Limitations of Amazon S3
Even though Hadoop's S3A client can make an S3 bucket appear to be a Hadoop-compatible filesystem, it is still an object store, and has some limitations when acting as a Hadoop-compatible filesystem.
-
Operations on directories are potentially slow and non-atomic.
-
Not all file operations are supported. In particular, some file operations needed by Apache HBase are not available — so HBase cannot be run on top of Amazon S3 without additional features. Due to this, the use of Amazon S3 for HBase in a CDP Private Cloud Base (IaaS) environment is not supported.
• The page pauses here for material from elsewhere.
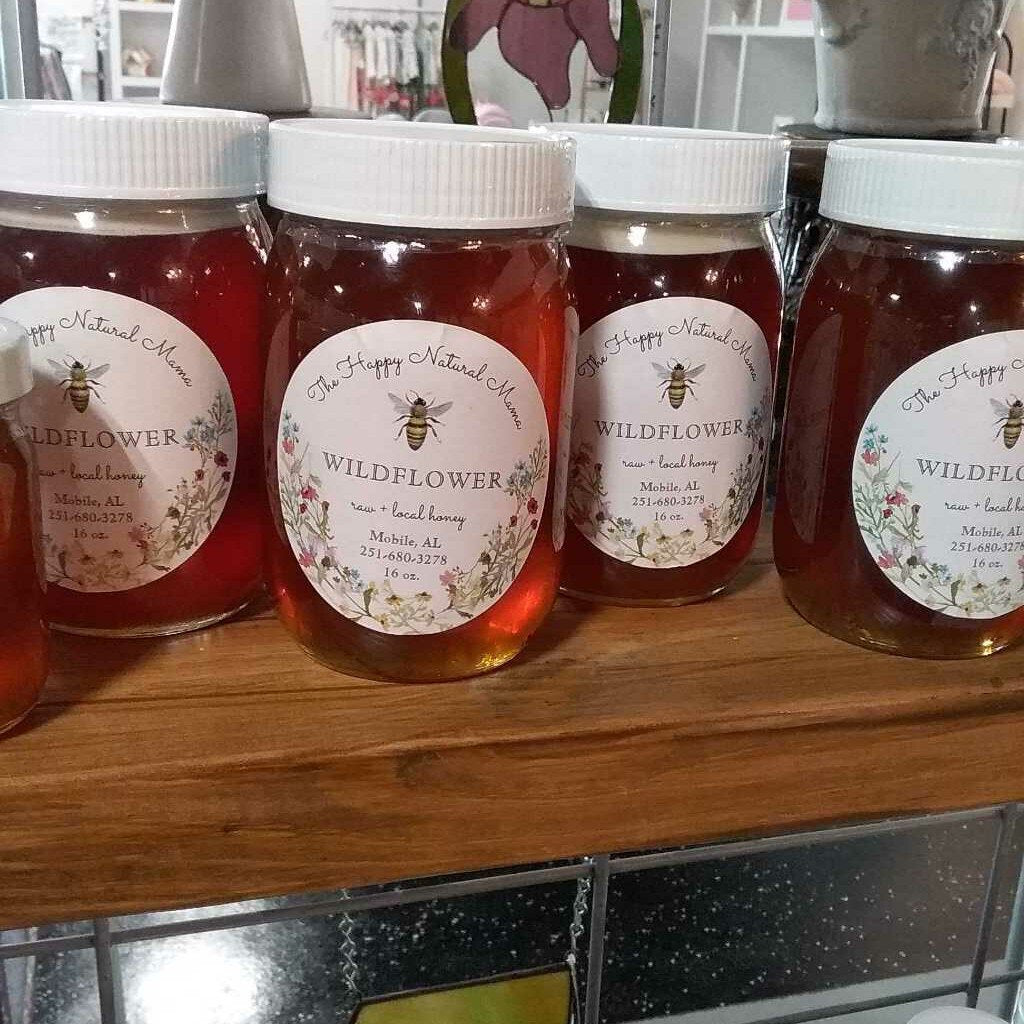 Raw Local Wildflower Honey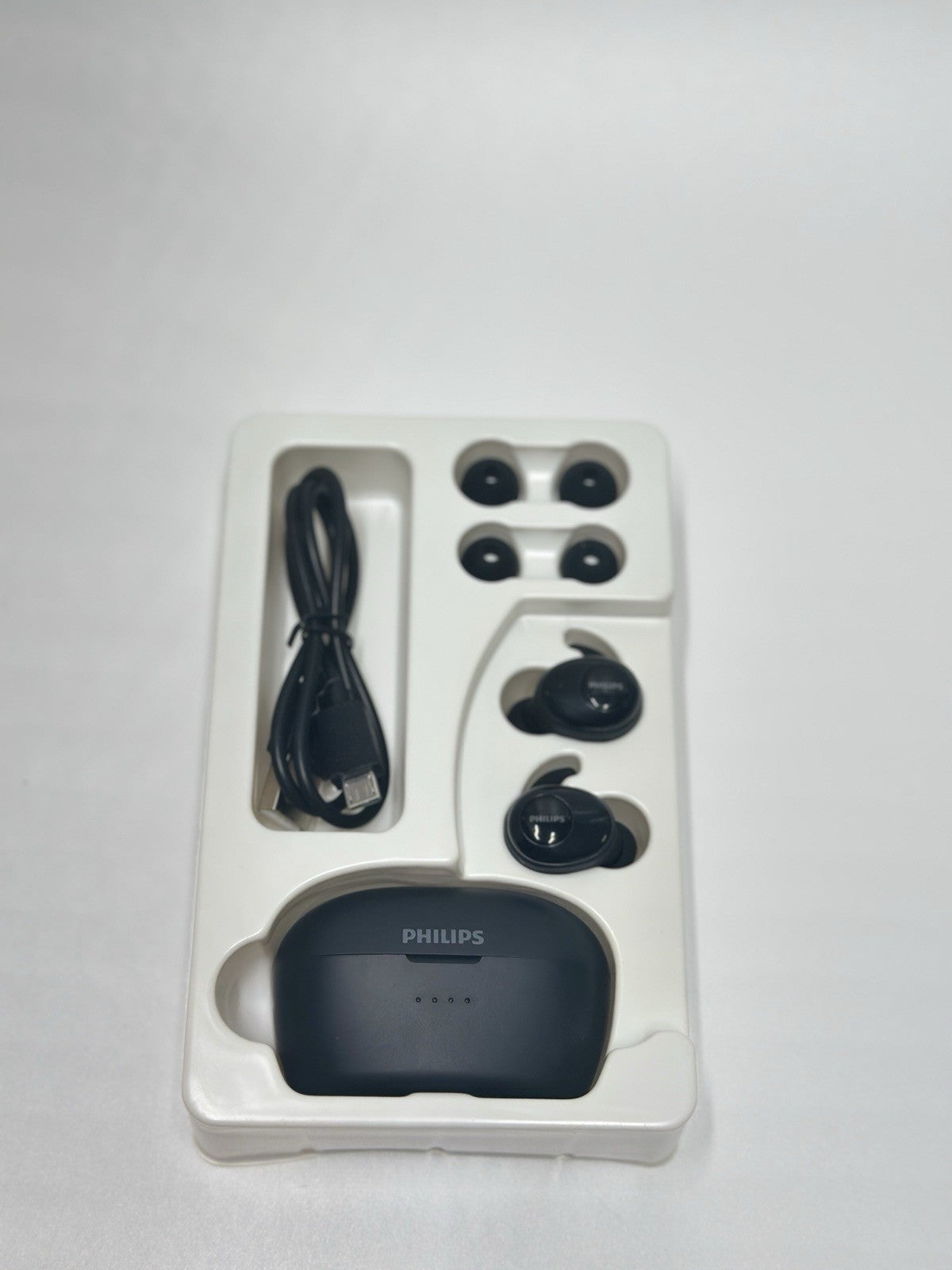 Philips UpBeat True Wireless Earphones - Black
If you intend to use HBase with S3, Cloudera recommends you to use Cloudera Operational Database instead.
- Except for versions of HBase specifically designed to work with S3 storage, HBase must
not use
s3a://
paths for HBase storage. - S3 can not be used as a replacement for HDFS as the cluster filesystem in CDP. S3 can be used as a source and destination of work.
-
Data is not visible in the object store until the entire output stream has been written.
-
Neither the per-file and per-directory permissions supported by HDFS nor its more sophisticated ACL mechanism are supported.
-
Bandwidth between your workload clusters and Amazon S3 is limited and can vary significantly depending on network and VM load.
For these reasons, while Amazon S3 can be used as the source and store for persistent data,
it cannot be used as a direct replacement for a cluster-wide filesystem such as HDFS, or be
used as defaultFS
.